The current standard for prostate cancer staging is the American Joint Committee on Cancer (AJCC) Tumor, Lymph Node, and Metastasis (TNM) Staging System [9,10]. This system relies on five key clinical–pathologic factors: the tumor size and extent (T), spread to lymph nodes (N), presence of metastasis (M), PSA levels (P), and Grade Group (G) [9,11]. The AJCC TNM system classifies prostate cancer into four stages [9]. Stage I is a non-palpable tumor that is undetectable by digital rectal exam (DRE) or imaging. In Stage II, the tumor is larger and detectable within the prostate by DRE or imaging. Stage III tumors have spread to nearby tissues such as seminal vesicles, while Stage IV indicates the tumor has metastasized to distant parts of the body, such as lymph nodes or bones. Localized prostate cancer (stages I, II, and IIIA) and regional prostate cancer metastasized to lymph nodes (stages IIIB and IVA) have an almost 99% five year survival rate, and distant prostate cancer (stage IVB) and unknown or unstaged prostate cancer have a five year relative survival rate of 34% and 92%, respectively [8]. Though staging is important to guide treatment modalities, the AJCC TNM System has significant limitations. It omits potentially important variables and has shown limited accuracy in predicting progression and recurrence. As demonstrated by the current AJCC standards, there is illogical staging of localized prostate cancer as stage IIIA along with the other localized prostate cancer stages I and II. The stage IIIA discrepancy is further highlighted as stage IIIA is treated as localized prostate cancer in contrast to stage IIIB, as regional prostate cancer. Other studies demonstrate the difficulty in distinguishing survival outcomes between stage III and stage IV patients [12]. Attempts to revise or improve the AJCC staging have been limited. For example, Sun et al. [12] proposed a modified staging system based on a nomogram that integrates T, N, and M stages, primary and secondary Gleason pattern scores, and PSA levels. However, nomograms rely on the proportional hazards assumption, which is often violated in real-world datasets, limiting their prognostic accuracy. In addition, there are no standardized guidelines for translating nomogram scores into discrete risk groups, reducing their practical utility.

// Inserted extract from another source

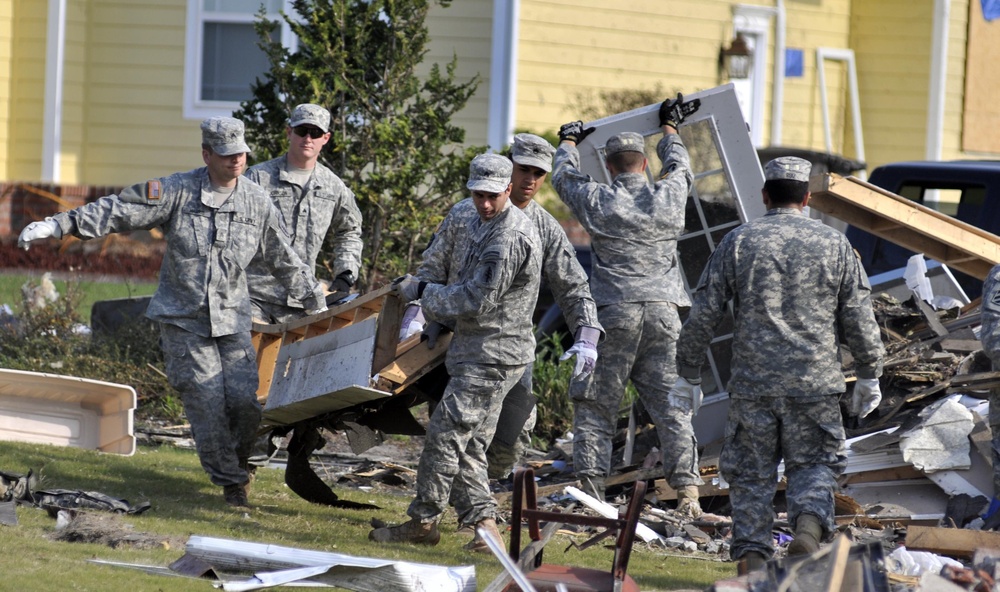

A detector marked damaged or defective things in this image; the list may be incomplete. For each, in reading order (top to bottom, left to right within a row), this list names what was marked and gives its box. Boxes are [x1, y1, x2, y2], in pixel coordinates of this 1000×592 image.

broken door panel [576, 82, 760, 412]
shattered wood board [808, 173, 1000, 280]
shattered wood board [0, 368, 135, 456]
shattered wood board [262, 320, 390, 426]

To overcome these limitations, we applied the Ensemble Algorithm for Clustering Cancer Data (EACCD) [13,14] to develop a more accurate prognostic system. This machine learning algorithm has been successfully used to cluster survival data to identify highly accurate prognostic groups from survival data for other cancers, including breast [15,16], colorectal [17], and lung cancer [18], as well as in ovarian [19] and endometrial cancers [20], Hodgkin and Non-Hodgkin lymphoma [21], and melanomas [22]. By using EACCD on population-level SEER data, we aim to enhance prostate cancer staging and provide a more accurate tool for predicting patient outcomes. We first constructed models using the five standard AJCC variables and then extended them by incorporating age and race, two well-established prognostic factors not currently included in the AJCC system. We subsequently evaluated the performance of the EACCD models using the validation dataset.

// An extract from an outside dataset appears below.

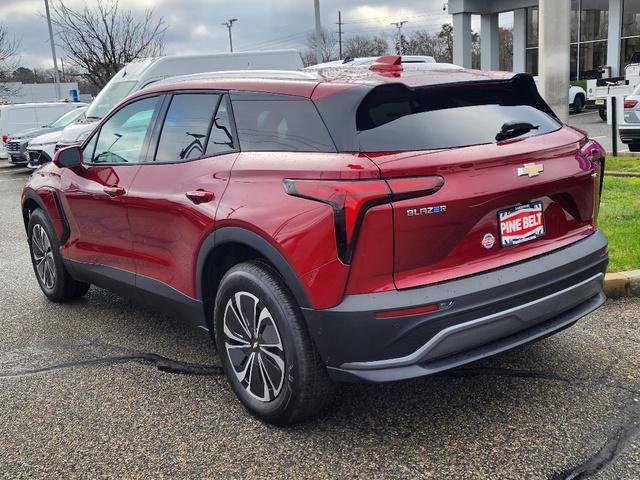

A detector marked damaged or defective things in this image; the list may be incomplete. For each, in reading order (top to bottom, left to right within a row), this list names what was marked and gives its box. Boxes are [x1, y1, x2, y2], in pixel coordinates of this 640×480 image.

crack in pavement [0, 340, 224, 380]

This paper is organized as follows: Section 2 describes the methods, Section 3 presents the results, and Section 4 provides the conclusions.
2. Methods
2.1. Clinical–Pathologic Datasets
Prostate cancer data as identified by the International Classification of Disease for Oncology (Third Edition) [ICD-O-3] histology code (C61.9) were extracted from de-identified data on patient demographics from the National Institutes of Health (NIH) National Cancer Institute (NCI) Surveillance, Epidemiology, and End Results Program (SEER) database. A total of 254,390 out of the total 354,781 prostate patients diagnosed between 2010 and 2015 were retrieved from 17 datasets from the SEER 17 Registries Database 2023 version [23]. SEER cases before 2010 were excluded to reflect the same revision criteria as AJCC’s TNM Staging Editions used to diagnose prostate cancers on or after 1 January 2020, with the adoption of the PSA and Grade Group. Cases after 2015 were also excluded because 2015 was the last year that allowed a follow up year of at least five years. For the study data, survival time measured in months were included in the prostate-specific survival analysis.

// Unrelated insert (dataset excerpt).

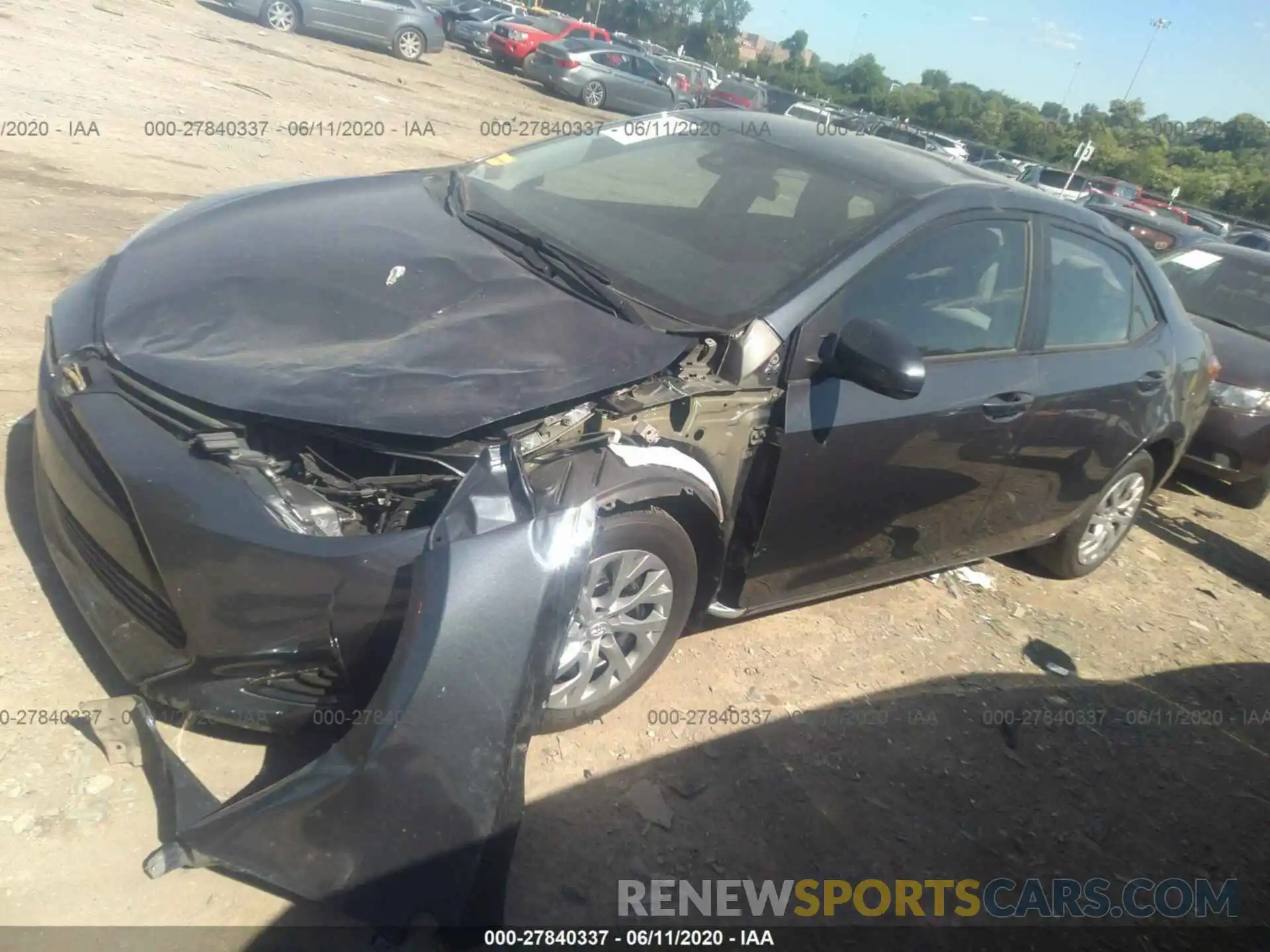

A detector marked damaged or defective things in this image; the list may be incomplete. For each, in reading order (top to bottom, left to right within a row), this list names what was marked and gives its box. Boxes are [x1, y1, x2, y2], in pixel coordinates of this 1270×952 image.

crumpled hood [96, 171, 696, 439]
damaged front bumper [81, 449, 597, 934]
detached bumper cover [87, 452, 597, 929]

Following the AJCC staging system, this study included five primary variables: Tumor (T), Lymph Node (N), Metastasis (M), PSA (P), and Grade Group (G). Additionally, two other variables—Age (A) and Race (R)—were included due to their established prognostic influence [24,25,26,27]. A detailed description of these seven variables is provided in Table 1. The original AJCC staging system is outlined in Table 2, compiled from information in the literature [9,10].
Other variables used in clinical prognosis such as androgen deprivation therapy, neoadjuvant androgen deprivation therapy, and genetic predisposition to prostate cancer from family lineage were not collected in the SEER database. Therefore, they could not be included in the EACCD calculations.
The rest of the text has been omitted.